Biodistribution of Neutrophile Proteases in the Sputum of Patients Affected by Cystic Fibrosis

Cystic Fibrosis Clinical Trial

Pro-Muco

Official title:
Study of the Biodistribution of PMN Serine Proteases in Sputum of Patients Affected by Cystic Fibrosis: Towards New Anti-inflammatory Therapies

Clinical Trial Details — Status: Completed

Administrative data
NCT number NCT00750932
Other study ID # AOHP07-PD Pro-Muco
Secondary ID DGS2007-0295N° I
Status Completed
Phase N/A
First received September 10, 2008
Last updated February 23, 2017
Start date January 2008
Est. completion date January 2012

Study information
Verified date February 2017
Source University Hospital, Tours
Contact n/a
Is FDA regulated No
Health authority
Study type Observational

Clinical Trial Summary

The purpose of the proposed project is to characterize the neutrophile proteases which participate in the chronic inflammatory phenomenon associated with the cystic fibrosis and which are responsible for the degradation of the lung tissue.

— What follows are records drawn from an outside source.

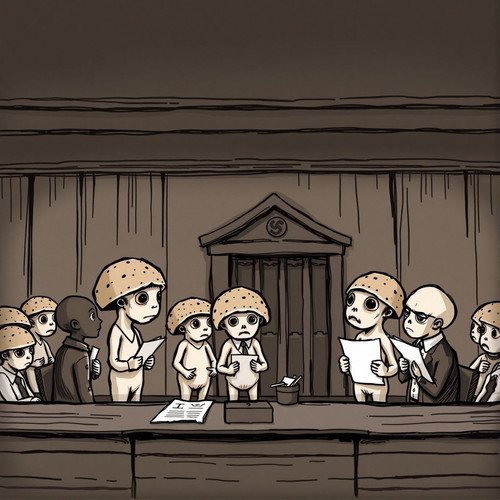 Tiny%20Mushroom%20People%20being%20trialed%20at%20the%20Nuremburg%20trialsNO FILTER?width=1420&heigh.jpg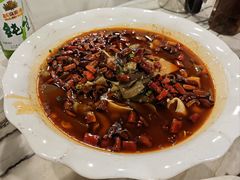 -金百万烤鸭店(马甸店)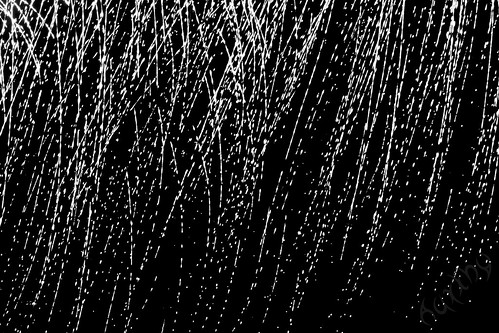 bw abstract fireworks canoneos500d canonefs55250mmf456is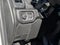 2027 RAM 2500 RAM 2500 BIG HORN CREW CAB 4X4 8' BOX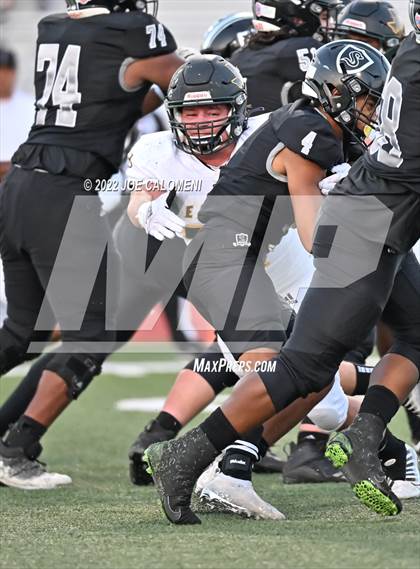 Thumbnail 3 in Fort Bend Christian Academy @ Steele photogallery.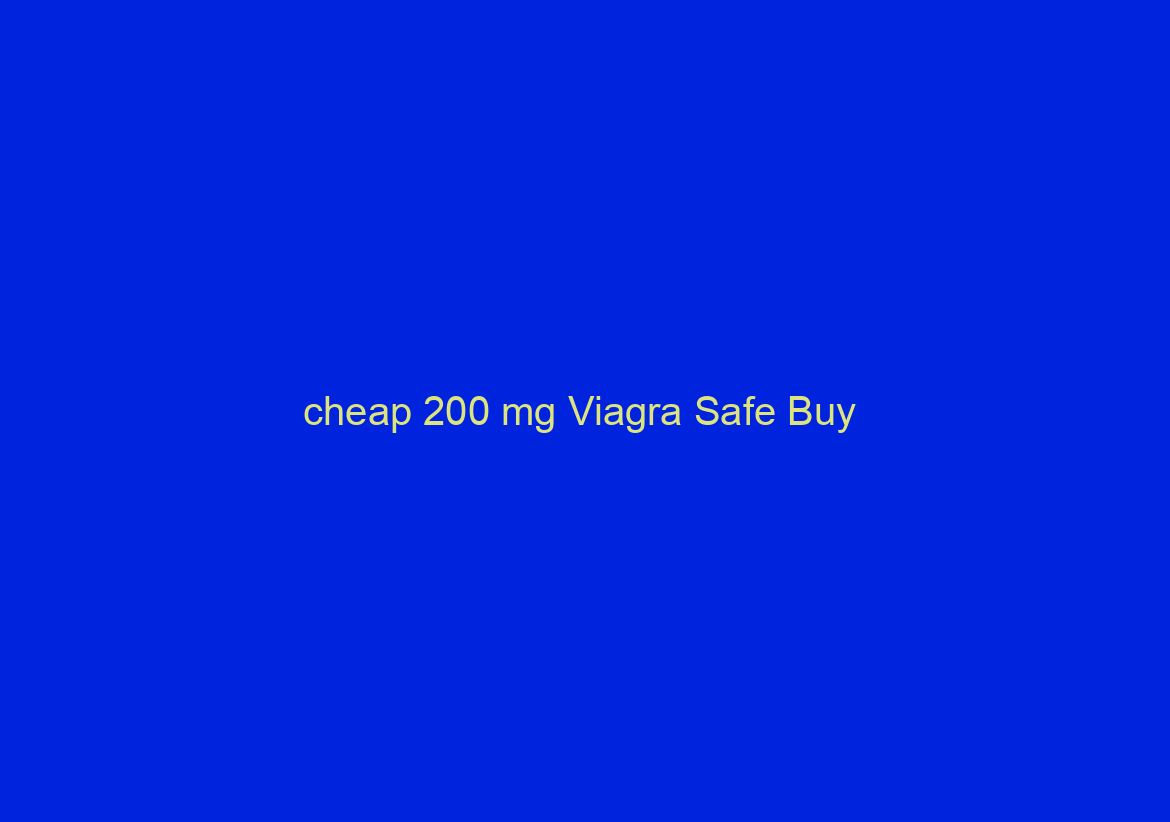 cheap 200 mg Viagra Safe Buy / 24 Hours Drugstore / Worldwide Shipping (3-7 Days)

The respiratory failure which results from it is one of main causes of the fatal evolution of this pathology but the anti-inflammatory therapies based on the use of antiproteases targeting specifically the soluble elastase did not end, until now, in the hoped results.

The identification of the other noxious targets is a crucial element to give new orientations to the anti-inflammatory strategies based on the administration of antiproteases which remain a promising way.

Recruitment information / eligibility
Status Completed
Enrollment 52
Est. completion date January 2012
Est. primary completion date January 2012
Accepts healthy volunteers Accepts Healthy Volunteers
Gender All
Age group 6 Years and older
Eligibility Inclusion Criteria:

- Man /woman older than 18 years (for adult and group)

- Child aged 6 to 18 years (for child group)

- Suffering from cystic fibrosis in stable condition, ie not having presented thrust acute attack of the broncho-pulmonary or hospitalization for treatment of his illness during the previous 2 weeks

Exclusion Criteria:

- colonized by Burkholderia cepacia ou Stenotrophomonas maltophilia

- non smoker (control group)

- Without history or respiratory respiratory disease known (control group)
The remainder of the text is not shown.